Exercise prompt
With the material below, print exactly the lines between the line holding "MILAN, İtalya - 25" and the line holding "Pollos cocinándose sobre", inclusive. Add nothing else.

Source material
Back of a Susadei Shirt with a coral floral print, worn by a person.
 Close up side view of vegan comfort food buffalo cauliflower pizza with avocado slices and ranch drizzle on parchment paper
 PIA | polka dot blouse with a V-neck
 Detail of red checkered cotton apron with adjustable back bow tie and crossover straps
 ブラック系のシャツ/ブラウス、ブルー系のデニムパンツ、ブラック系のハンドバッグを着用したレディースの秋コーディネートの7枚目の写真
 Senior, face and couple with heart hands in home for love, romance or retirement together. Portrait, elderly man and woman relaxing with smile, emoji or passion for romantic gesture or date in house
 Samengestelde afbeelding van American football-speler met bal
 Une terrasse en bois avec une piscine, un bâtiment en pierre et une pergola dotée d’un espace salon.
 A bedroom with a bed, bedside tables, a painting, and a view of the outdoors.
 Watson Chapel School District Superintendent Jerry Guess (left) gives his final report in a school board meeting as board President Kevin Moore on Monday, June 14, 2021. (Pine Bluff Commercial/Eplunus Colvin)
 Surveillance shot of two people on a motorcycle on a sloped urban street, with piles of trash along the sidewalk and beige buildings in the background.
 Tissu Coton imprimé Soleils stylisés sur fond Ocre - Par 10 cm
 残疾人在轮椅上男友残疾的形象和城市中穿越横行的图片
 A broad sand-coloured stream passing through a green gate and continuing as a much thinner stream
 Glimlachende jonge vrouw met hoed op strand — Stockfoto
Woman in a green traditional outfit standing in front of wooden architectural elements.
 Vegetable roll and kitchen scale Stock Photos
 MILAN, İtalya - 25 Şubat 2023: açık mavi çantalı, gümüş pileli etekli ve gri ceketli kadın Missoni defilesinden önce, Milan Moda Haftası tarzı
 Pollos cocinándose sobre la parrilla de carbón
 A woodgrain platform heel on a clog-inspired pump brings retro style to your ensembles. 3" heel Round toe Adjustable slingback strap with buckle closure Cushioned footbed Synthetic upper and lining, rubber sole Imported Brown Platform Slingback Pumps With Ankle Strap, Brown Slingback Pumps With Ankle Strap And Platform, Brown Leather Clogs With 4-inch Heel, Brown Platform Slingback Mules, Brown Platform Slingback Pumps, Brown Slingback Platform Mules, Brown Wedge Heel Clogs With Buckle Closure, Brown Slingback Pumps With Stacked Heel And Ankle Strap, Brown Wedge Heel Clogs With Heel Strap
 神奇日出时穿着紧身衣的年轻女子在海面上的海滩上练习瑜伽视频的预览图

Task solution
 MILAN, İtalya - 25 Şubat 2023: açık mavi çantalı, gümüş pileli etekli ve gri ceketli kadın Missoni defilesinden önce, Milan Moda Haftası tarzı
 Pollos cocinándose sobre la parrilla de carbón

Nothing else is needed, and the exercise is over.